Except for Mondays, Wednesdays and Fridays, Swiss International Air Lines operates two daily non-stop flights from Zurich to Chicago. One departs at 09:45, the other at 12:45, but the earlier flight will often depart with just a handful of passengers. "Swiss people don't like to wake up for the early flight," according to one of the cabin crew.

See also: Aircraft graveyards: What happens to old planes?

Despite what some fliers believe, airlines don't and won't cancel a flight at the very last minute if too few passengers show up. Flight schedules are a complex web and delayed aircraft punch a hole in that web. If an aircraft is delayed on one sector it has a cascade effect on subsequent flights aboard that same aircraft. An aircraft doing short-haul flights, for example between cities on Australia's east coast, one of the world's busiest air corridors, will make several flights during a day. A delay at any stage in that day will push back every other flight scheduled aboard that aircraft for that day.
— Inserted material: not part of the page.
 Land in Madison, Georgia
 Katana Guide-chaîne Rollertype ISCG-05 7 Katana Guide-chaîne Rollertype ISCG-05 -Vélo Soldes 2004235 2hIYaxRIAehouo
Airlines do not typically have spare aircraft sitting around waiting to be deployed to fill in for one that is late. Nor do airlines have idle flight crew in case they're needed, and an extended delay might also push the designated flight crew beyond their regulated flying hours. If it is bound for a busy airport the aircraft might arrive at a time the aviation industry describes as capacity constrained, when the aircraft might be required to fly in a holding pattern until a landing slot becomes available. At such times all the airbridges to the terminal might be in use, requiring the aircraft to park at a remote location and passengers to deplane onto buses, with the potential for further delays.

It might seem intuitively obvious for airlines to have a fire sale of any seats that are empty close to flight time but that's not the way airlines think. Airlines will typically offer their cheapest seats for a flight many months in advance. As those cheaper earlybird seats are sold, flyers are left with more expensive options, and passengers desperate to fly at short notice are likely to get slugged. Airlines earn a disproportionate amount of their revenue from the small number of late-booking passengers who need to fly at any cost.

If an airline was to discount seats at the last minute simply in order to fill them it would compromise that lucrative revenue stream. Better to fly with a few empty seats, the reasoning goes, rather than jeopardise the proven pricing model with a few quick bucks. If it should happen from time to time that a passenger hits the jackpot and scores an almost empty aircraft, according to the airline business model that's a price worth paying.